While I am pleased that the development of a financial services agreement is finally being taken up within the GATT, I am seriously concerned by what appears to be little progress to date.

Negotiations are to conclude this fall and yet we have little to show for months of effort.

It is my understanding that U.S. negotiators have put forward a proposal for the elimination of certain specific barriers, but the specifics of any agreement have yet to take shape.

This agreement must be more than a paper framework to be filled in at some later date-it is imperative that specific barriers be eliminated and that more open markets be achieved.

If the agreement does not accomplish those goals, we might be better off with no agreement at all.

There are some key issues on which I would appreciate the administration's views.

One issue I believe is of central importance in these negotiations is that of "linkage"-the provisions for cross-retaliation between services and goods.

The issue is a highly controversial one, but I am concerned that without such linkage, retaliation cannot be made effective.

Another central issue is the question of temporary entry of key personnel.

A financial services agreement will be of no use if a market is perfectly open, but U.S. firms are precluded from bringing in sufficient personnel to effectively establish their financial services operations.

Knowledge and expertise are key elements of competitiveness within the industry, and such skills are not necessarily fungible.

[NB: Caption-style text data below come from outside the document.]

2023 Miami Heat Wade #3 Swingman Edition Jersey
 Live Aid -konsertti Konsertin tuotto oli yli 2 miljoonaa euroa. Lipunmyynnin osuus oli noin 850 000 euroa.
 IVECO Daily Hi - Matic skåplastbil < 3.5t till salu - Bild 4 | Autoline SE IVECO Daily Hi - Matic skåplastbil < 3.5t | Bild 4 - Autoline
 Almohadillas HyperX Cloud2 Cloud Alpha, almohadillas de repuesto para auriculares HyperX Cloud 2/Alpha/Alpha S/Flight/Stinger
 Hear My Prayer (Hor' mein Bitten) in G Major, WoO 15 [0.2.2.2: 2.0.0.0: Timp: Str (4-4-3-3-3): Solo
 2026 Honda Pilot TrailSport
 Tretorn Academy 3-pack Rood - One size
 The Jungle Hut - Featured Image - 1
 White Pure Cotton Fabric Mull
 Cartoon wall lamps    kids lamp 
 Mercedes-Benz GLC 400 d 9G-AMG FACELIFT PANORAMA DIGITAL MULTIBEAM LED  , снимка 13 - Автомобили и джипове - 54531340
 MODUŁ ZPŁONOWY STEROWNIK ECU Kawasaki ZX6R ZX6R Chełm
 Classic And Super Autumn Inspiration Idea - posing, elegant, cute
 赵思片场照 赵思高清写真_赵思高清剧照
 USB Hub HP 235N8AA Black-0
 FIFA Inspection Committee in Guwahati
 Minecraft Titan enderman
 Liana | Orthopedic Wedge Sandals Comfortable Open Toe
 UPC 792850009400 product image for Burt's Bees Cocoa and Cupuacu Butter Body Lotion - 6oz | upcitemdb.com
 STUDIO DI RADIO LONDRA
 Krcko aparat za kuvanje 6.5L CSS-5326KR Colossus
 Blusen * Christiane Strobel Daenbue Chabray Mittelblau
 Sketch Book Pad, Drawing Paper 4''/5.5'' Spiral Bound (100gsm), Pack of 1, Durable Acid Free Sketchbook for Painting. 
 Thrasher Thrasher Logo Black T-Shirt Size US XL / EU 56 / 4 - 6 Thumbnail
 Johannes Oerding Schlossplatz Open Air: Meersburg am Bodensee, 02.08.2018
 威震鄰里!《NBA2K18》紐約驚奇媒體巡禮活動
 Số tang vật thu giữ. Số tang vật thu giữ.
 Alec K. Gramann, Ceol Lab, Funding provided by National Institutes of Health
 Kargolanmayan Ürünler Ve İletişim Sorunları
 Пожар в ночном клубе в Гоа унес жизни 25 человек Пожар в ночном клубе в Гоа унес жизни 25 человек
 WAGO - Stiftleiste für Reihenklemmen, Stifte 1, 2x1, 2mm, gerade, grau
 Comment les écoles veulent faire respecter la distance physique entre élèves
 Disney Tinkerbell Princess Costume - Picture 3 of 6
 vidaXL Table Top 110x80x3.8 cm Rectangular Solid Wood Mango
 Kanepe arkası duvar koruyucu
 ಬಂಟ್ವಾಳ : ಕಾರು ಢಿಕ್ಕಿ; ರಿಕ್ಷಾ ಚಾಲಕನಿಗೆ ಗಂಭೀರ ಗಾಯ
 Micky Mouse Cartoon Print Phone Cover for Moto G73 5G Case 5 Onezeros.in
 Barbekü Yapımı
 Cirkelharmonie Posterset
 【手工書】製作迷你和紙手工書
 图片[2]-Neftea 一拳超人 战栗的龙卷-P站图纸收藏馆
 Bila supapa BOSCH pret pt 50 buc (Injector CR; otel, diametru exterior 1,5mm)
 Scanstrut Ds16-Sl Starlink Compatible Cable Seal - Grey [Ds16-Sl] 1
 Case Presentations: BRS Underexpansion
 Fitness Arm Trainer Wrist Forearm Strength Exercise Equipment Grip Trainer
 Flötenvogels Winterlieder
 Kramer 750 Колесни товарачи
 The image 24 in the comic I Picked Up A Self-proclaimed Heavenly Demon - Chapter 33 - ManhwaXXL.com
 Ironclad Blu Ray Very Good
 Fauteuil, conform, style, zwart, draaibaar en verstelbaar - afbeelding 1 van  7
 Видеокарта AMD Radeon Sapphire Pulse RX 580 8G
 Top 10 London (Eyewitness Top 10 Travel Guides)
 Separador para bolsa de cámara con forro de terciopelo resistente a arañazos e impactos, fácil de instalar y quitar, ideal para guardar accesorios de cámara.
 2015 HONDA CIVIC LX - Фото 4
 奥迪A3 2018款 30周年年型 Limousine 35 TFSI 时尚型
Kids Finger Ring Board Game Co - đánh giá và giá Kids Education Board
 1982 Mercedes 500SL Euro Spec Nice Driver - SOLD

If the use of existing expertise is denied, meaningful market access cannot be achieved.

Our negotiators must also be watchful regarding how the agreements reached within the Uruguay Round impact on European Community directives of key concern to the United States financial services industry.

In particular, we must be attentive to any impact that agreements made in the Uruguay Round might have on the second banking directive, the pending investment services directive, or the European Community capital directive.

Today we will also explore the issue of "financial dumping.” In the course of the task force deliberations, concern has been expressed that some foreign firms are effectively underpricing in the U.S. market.

I know this problem is of particular concern to Chairman LaFalce who recently wrote to the Treasury on this issue.

It is not clear to me that United States anti-dumping laws and procedures provide an appropriate mechanism for addressing this problem, if indeed, the charge regarding the actions of foreign firms is justified.